Louisville basketball coach Rick Pitino says that college basketball players are generally not too concerned with conference realignment. Tell them where they are playing and who they are playing against and they will take care of the rest.
But Pitino said that last year sometimes felt different. It was the Cardinals' lone season in the American Athletic Conference, and it was sandwiched between a goodbye to the Big East and a hello to the ACC.
It's not that the overall competition was especially inferior — Connecticut went on to win a national title, after all — it's just that the players could sense that it was not home. It felt so temporary because it was so temporary.
"They were in the greatest conference in all of college basketball [the Big East], and then suddenly they're in a league they weren't going to be in the following year," Pitino said in a phone interview Monday evening. "It felt like every place they went, they weren't a part of things…They didn't like where they were last year. They didn't like feeling like you're a visitor every place you go. You don't feel like you're really in the league."

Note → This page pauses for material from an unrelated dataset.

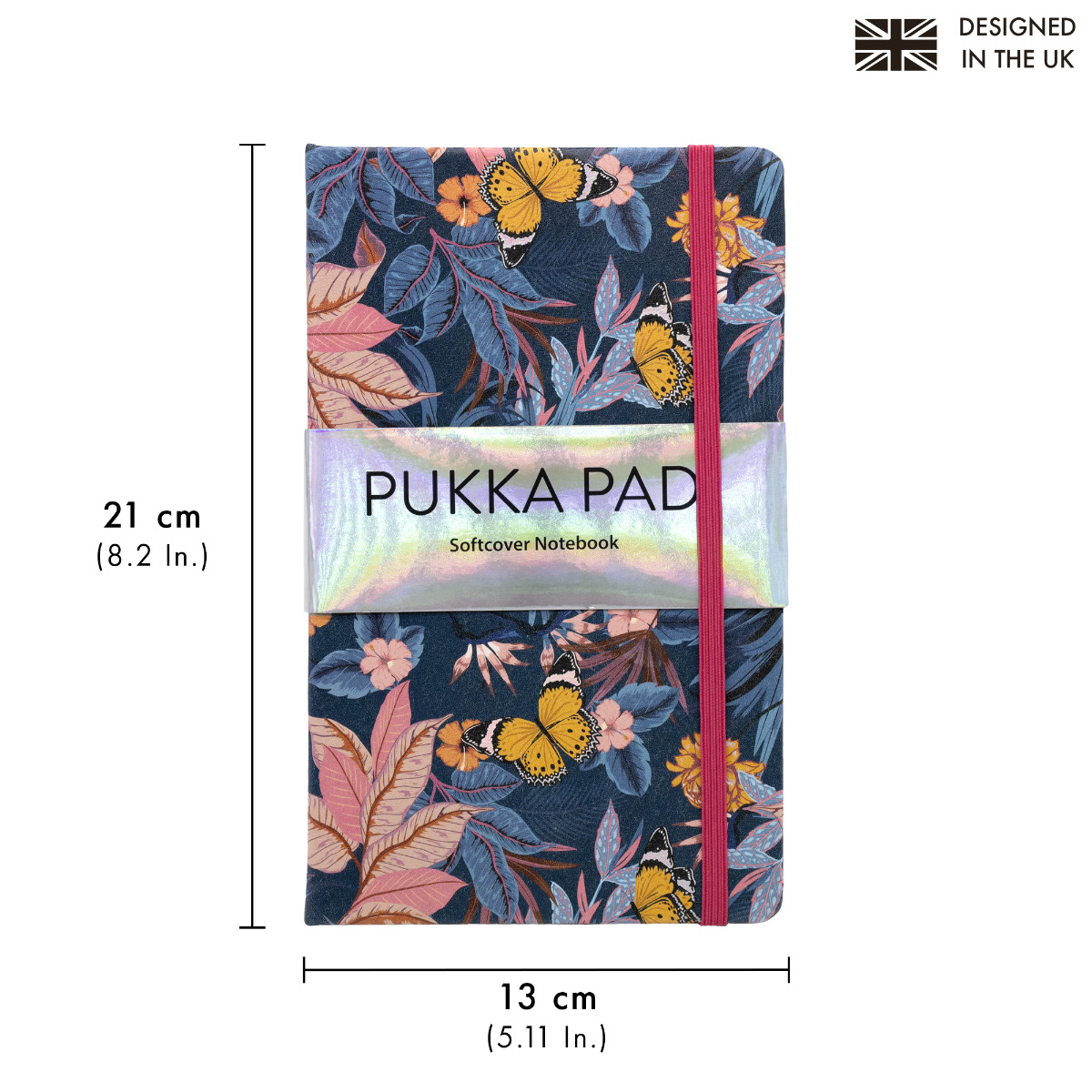 Pukka Bloom Softcover Notebook Blue (Pack Of 3 - View #8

But the basketball team's wait for something more permanent is over now. On Tuesday, U of L officially enters the Atlantic Coast Conference, a watershed moment for the entire athletic program. This latest move, like every move in the seemingly unending conference shuffle, was guided by the big money of big-time college football.

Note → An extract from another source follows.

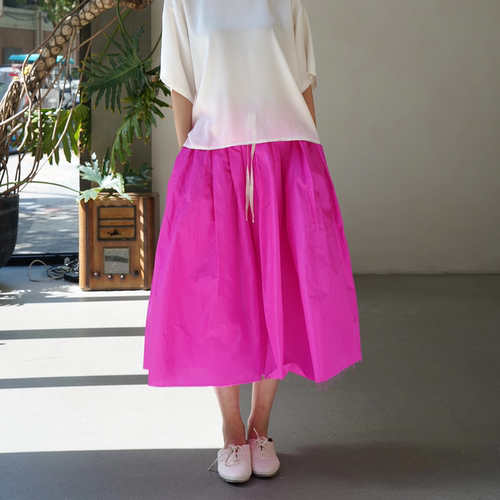 Cha 官方 | NITTO 25秋冬 GELSA 意大利真丝塔夫绸半身裙衬衫套装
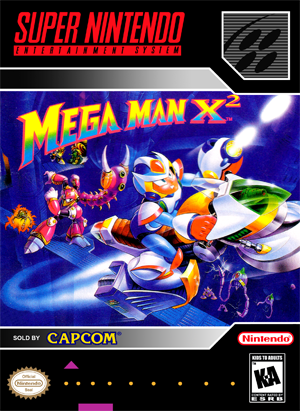Mega Man X2 FRIDGE MAGNET video game box snes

Nevertheless, the Cardinals' entrance into a conference with such a basketball-rich history is the most alluring aspect of this new era. Pitino said that Duke, North Carolina, Syracuse and Louisville are four of the top 10 programs of all-time. And now they are together. Now they are one.
Pitino recently asked Syracuse coach Jim Boeheim, whose team joined the ACC last season, about the transition. They agree that keeping the old Big East intact would have been preferable. But they also know they are fortunate to find such a comfy landing spot amid conference chaos.
"This is going to be totally new and different," Pitino said. "'I'm intrigued by it. It's like, you don't know what to expect. You don't know what it's going to be like."
For example, Pitino said he has never seen Clemson play in person. He is looking forward to things like visiting Duke's Cameron Indoor Stadium, but he also knows that eventually that novelty and newness will fade, and then games against North Carolina will be the new normal, and fresh rivalries will bloom.
Given the Cardinals' prestige, this feels like the rare instance where a team is as much of a boon to its new conference as the new conferences is to the team. There's the world-class arena, the Hall of Fame coach, the recent national title, the deep history.
Pitino pointed out how the television ratings in Louisville for last week's NBA draft were the highest of any city in the country—though he acknowledged that Kentucky fans played a large role in that figure, too.
"Tobacco Road is very, very good," Pitino said, "but I don't think anything can beat the city of Louisville in terms of basketball popularity."
With a returning core that includes Montrezl Harrell, Terry Rozier, Wayne Blackshear and Chris Jones, the Cardinals appear well-positioned to take a spot in the league's upper tier right away.
During the AAC stopover, fans were thirsty to see better competition in all sports. That won't be an issue any longer, but wins probably won't flow as freely now, and everyone likes wins.
Of course, when those basketball victories do come against Duke, North Carolina and Syracuse, they will probably seem even sweeter.
"Our fans are going to see the best competition they've seen here," Pitino said.